BEGIN

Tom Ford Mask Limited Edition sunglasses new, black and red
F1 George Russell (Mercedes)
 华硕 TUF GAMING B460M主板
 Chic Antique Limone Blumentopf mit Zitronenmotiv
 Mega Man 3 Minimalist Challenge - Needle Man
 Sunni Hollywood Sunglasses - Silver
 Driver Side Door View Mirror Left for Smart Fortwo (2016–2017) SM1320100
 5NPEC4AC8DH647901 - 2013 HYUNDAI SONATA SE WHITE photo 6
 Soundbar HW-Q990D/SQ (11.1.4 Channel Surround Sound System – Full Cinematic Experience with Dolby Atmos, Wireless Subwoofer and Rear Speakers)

END

* **WORK TASK**
An exact copy of all the records above is needed.

* **RESPONSE TO THIS EXERCISE**
Tom Ford Mask Limited Edition sunglasses new, black and red
F1 George Russell (Mercedes)
 华硕 TUF GAMING B460M主板
 Chic Antique Limone Blumentopf mit Zitronenmotiv
 Mega Man 3 Minimalist Challenge - Needle Man
 Sunni Hollywood Sunglasses - Silver
 Driver Side Door View Mirror Left for Smart Fortwo (2016–2017) SM1320100
 5NPEC4AC8DH647901 - 2013 HYUNDAI SONATA SE WHITE photo 6
 Soundbar HW-Q990D/SQ (11.1.4 Channel Surround Sound System – Full Cinematic Experience with Dolby Atmos, Wireless Subwoofer and Rear Speakers)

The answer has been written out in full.